In Taunton, the Halifax relief effort began on December 8, two days after the explosion, and it ended one week later when state officials announced that no more money was needed at that time. Despite the financial pressures exerted by the war, local people had contributed $3,156.74 to help their Canadian neighbors. Adjusted for inflation, that amount would equal more than $68,000 in 2019. The Bay State’s entire contribution, adjusted for inflation, would total more than $16 million today.
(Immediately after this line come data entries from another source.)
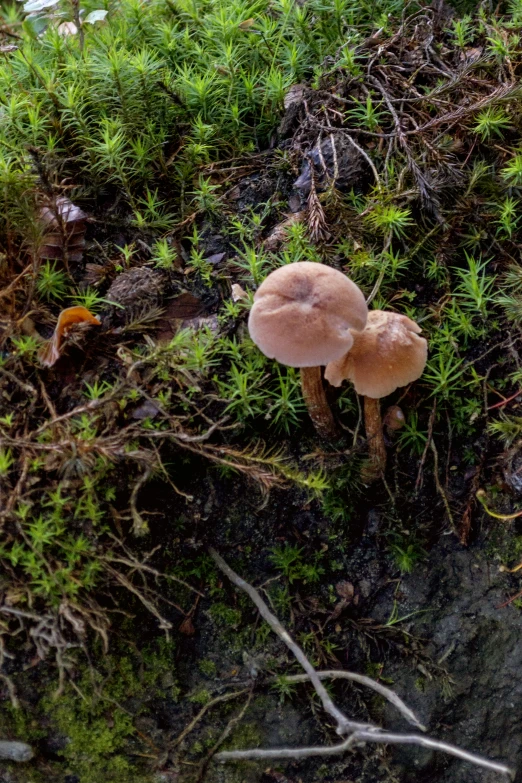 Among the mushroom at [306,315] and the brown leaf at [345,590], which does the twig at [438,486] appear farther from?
the mushroom at [306,315]

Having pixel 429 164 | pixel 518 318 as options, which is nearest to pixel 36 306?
pixel 429 164

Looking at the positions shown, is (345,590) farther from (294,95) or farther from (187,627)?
(294,95)

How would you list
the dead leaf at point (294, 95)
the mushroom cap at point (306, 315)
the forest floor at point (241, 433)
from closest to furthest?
1. the mushroom cap at point (306, 315)
2. the forest floor at point (241, 433)
3. the dead leaf at point (294, 95)

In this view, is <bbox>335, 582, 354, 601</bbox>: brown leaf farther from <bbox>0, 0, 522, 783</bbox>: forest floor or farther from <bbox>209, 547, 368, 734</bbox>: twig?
<bbox>209, 547, 368, 734</bbox>: twig

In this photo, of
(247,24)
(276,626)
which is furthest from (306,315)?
(247,24)

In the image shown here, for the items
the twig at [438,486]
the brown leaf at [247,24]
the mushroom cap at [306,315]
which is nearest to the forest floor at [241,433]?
the twig at [438,486]

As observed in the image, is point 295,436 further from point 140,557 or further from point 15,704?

One of the recipients of that aid was Yvonne Bourque, just a few days short of her ninth birthday when the disaster occurred. Born in Sackville, New Brunswick, a few miles from Halifax, she was living in the city with her older sister and brother-in-law. At the time of the explosion she was walking to school with her friend, Babe Heisel, and when they heard a fire truck’s siren racing toward them, Babe said they should return home. Yvonne wanted to continue on to school, and so the girls separated. As Yvonne walked, a tremendous explosion threw her to the ground and sent her treasured red beret off into the distance, never to be found. Walking the streets in a panic she spotted a fireman pushing a cart piled high with dead bodies. She took no solace from him. He looked at her and demanded, “Hey, kid, what have you got to cry about? Would you rather be one of these?”
Yvonne eventually found herself in a public shelter because her sister’s house had been destroyed in the blast. She didn’t see her mother for two weeks, and she never again saw Babe Heisel. Life moved on and when she was 19, she came to Taunton with her brother and worked first as a waitress and later as a nanny. Later, she married Albert Gordon, raised four children and spent thirty years as the housekeeper at the former St. Joseph’s Parish rectory.
Yvonne died on November 6, 2011, at 102 years of age. Her kind of childhood trauma lasts forever, and she seldom talked about what she had seen and heard on that terrible day. Nevertheless, for the rest of her long life she remembered with gratitude how, as a frightened 9-year old, she was overwhelmed by the beautiful clothes that arrived for her thanks to the generosity of the people of Boston.